Students develop their ICT skills through integrated activities aligned with our core-curriculum. Students attend weekly sessions that require them to use IT devices to complete projects requiring research, collaboration, analysis, evaluation, and communication.
Our Physical Education (PE) curriculum is underpinned by the CAIE Primary PE framework of objectives. The Primary PE curriculum covers 3 units of study that facilitate opportunities for creative movement, games based development and living a healthy lifestyle.

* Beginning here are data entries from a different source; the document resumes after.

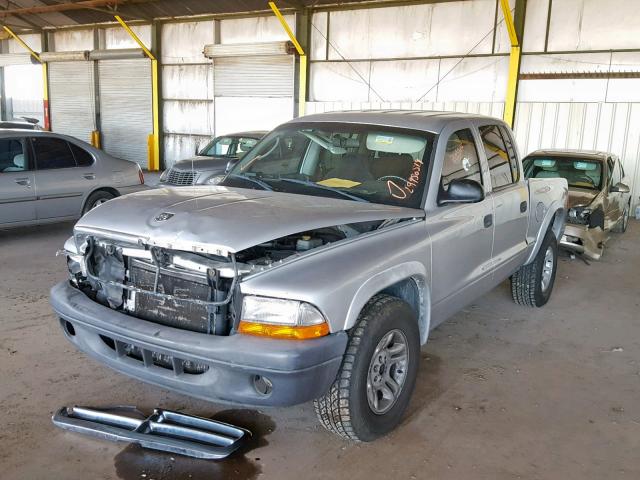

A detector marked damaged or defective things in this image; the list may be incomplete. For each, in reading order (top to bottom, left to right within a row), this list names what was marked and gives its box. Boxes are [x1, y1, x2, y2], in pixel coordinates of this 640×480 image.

truck hood missing [76, 187, 424, 255]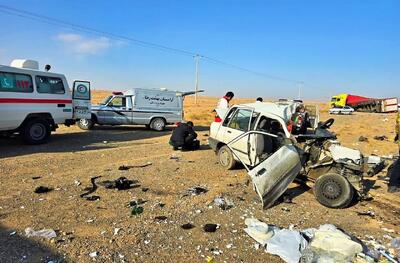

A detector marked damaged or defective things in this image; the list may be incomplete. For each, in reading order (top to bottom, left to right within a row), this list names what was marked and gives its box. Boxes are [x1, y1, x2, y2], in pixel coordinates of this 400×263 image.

broken car door [228, 132, 300, 210]
severely damaged car [208, 102, 382, 209]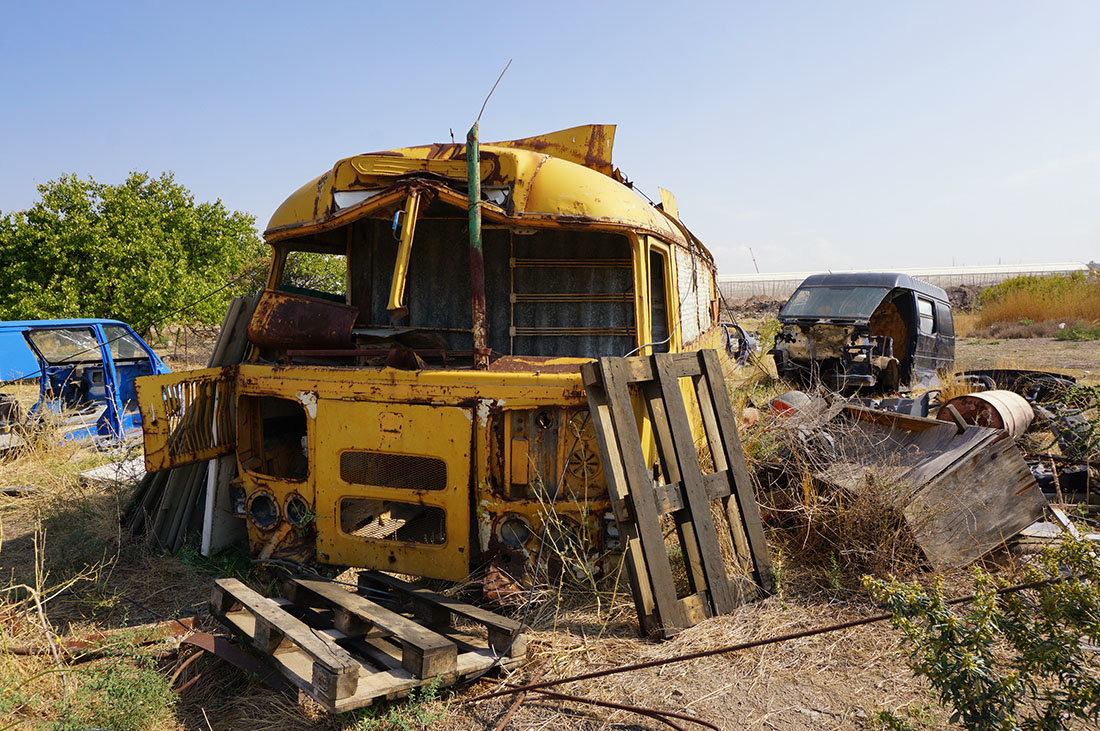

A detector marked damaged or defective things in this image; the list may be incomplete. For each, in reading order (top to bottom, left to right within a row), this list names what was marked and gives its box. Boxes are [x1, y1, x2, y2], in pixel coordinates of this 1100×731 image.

broken metal pole [464, 123, 490, 371]
rusted yellow bus roof [264, 125, 695, 250]
rusted metal sheet [135, 364, 236, 472]
rusted metal sheet [246, 288, 356, 351]
abandoned yellow bus wreck [137, 125, 730, 580]
rusty metal barrel [937, 391, 1029, 435]
rusted wire [470, 576, 1064, 703]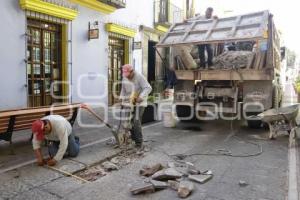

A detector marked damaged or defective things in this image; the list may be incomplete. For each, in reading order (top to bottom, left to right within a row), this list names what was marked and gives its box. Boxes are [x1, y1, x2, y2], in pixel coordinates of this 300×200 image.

broken concrete [177, 180, 193, 198]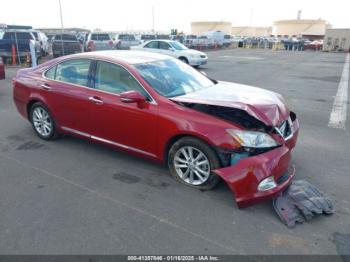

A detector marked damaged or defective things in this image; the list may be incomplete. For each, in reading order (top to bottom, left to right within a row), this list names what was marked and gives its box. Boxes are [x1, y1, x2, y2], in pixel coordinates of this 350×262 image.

bent hood [172, 81, 290, 127]
damaged red sedan [12, 50, 300, 207]
broken headlight [227, 129, 278, 148]
crumpled front bumper [213, 117, 300, 208]
crushed fender [272, 180, 334, 227]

Physical education is a vital part of a balanced school curriculum. Regular exercise improves physical and mental health and there is growing evidence that it improves academic performance across the curriculum. Establishing good patterns of exercise in primary school provides learners with the foundation for an active and healthy lifestyle. This subject is about learning to move and moving to learn. Learners develop skills through a wide variety of age-appropriate physical activities, including games, gymnastics, and dance. As individuals and team members, they will:
- increase confidence, moving with increasing control, fluency, and variety
- improve their understanding of concepts, rules, tactics, strategies, and compositional ideas
- participate in respectful and responsible ways, engaging appropriately and safely
- improve knowledge and understanding of how physical education can contribute to a healthy and active lifestyle
- develop transferable skills promoting physical, cognitive, and social development and become independent, critical, and reflective movers and thinkers.

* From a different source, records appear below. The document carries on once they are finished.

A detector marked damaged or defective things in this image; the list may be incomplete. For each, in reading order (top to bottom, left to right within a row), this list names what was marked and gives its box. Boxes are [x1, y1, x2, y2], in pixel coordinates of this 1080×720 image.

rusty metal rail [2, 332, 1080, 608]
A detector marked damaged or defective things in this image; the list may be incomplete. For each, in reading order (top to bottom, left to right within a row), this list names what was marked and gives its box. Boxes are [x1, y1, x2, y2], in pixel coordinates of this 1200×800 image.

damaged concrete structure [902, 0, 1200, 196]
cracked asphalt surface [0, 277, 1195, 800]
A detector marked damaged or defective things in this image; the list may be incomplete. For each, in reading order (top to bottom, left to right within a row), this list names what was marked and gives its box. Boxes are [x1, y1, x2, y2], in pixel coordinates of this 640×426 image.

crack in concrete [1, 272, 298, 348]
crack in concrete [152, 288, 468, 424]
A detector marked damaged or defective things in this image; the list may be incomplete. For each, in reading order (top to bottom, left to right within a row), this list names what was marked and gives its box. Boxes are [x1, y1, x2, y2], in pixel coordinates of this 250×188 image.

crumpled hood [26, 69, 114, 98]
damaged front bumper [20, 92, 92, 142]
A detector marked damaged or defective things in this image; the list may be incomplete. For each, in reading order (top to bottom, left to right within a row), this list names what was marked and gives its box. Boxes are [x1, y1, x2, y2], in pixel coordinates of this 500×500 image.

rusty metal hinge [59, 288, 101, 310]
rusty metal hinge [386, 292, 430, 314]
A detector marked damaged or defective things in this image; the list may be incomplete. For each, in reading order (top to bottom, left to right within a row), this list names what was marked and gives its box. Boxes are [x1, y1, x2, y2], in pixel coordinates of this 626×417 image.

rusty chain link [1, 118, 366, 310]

Assessments conducted in the primary program include daily assessments used to inform instruction day on day (formative) and assessments used to inform student achievement (summative). Strategies used to inform instruction (formative) include Q&A on whiteboards, exit ticket questions, marked bookwork, self-assessment, mini-projects, unit assessments (also used summatively), reading running records (details below, also used summatively), assessed writing pieces (also used summatively) and NWEA MAP assessments (conducted twice a year).

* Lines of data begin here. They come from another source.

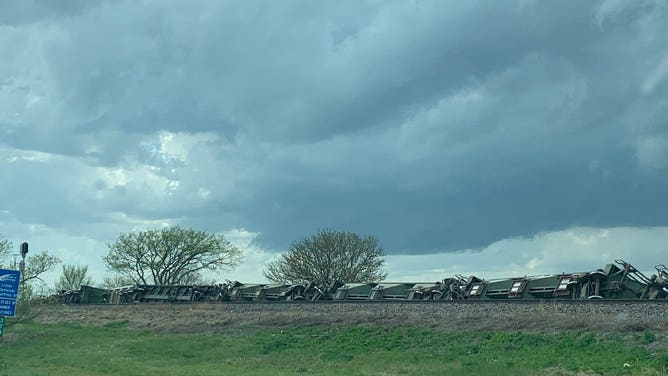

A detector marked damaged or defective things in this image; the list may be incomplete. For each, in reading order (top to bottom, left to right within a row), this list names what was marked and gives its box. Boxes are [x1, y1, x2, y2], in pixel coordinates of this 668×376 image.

rusted metal debris [57, 260, 668, 304]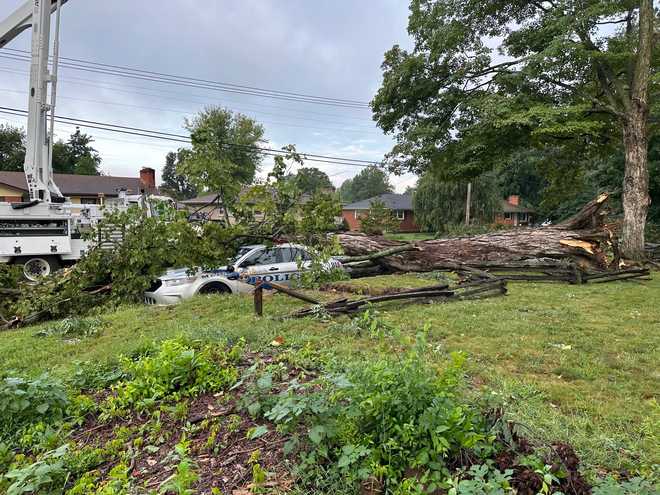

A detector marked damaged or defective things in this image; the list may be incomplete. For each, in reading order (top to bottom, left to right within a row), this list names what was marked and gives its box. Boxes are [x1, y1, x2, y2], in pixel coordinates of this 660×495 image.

damaged white car [144, 244, 340, 306]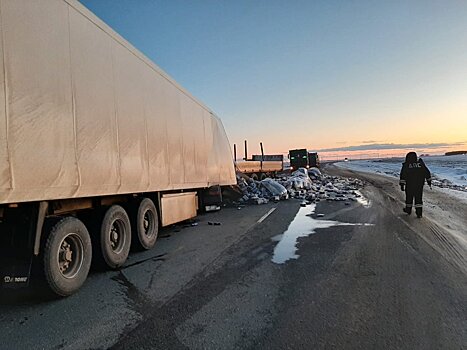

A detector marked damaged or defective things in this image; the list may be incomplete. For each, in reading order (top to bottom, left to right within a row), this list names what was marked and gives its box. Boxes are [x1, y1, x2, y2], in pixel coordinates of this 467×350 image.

damaged truck [0, 0, 236, 296]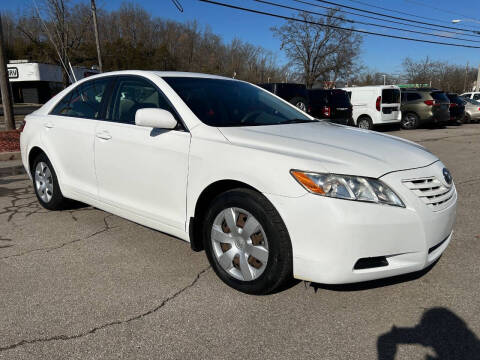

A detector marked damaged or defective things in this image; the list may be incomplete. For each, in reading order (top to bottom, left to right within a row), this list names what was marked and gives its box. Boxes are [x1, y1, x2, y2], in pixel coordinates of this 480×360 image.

crack in pavement [0, 215, 118, 260]
crack in pavement [0, 266, 210, 352]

Summative assessments vary depending on the Grade. All grades conduct summative reading assessments 3 times a year, which include:
- Testing reading fluency and comprehension skills using the reading A to Z running records.
- Assessing writing acquisition by having students complete an expository, imaginative and persuasive piece of writing.
- Assessing student achievement in mathematics for all grades by completing end of unit assessments and CAIE progression tests for Grade 3 to 5.Assessing student achievement in Science for all grades by completing end of unit assessments and CAIE progression tests for Grade 3 to 5.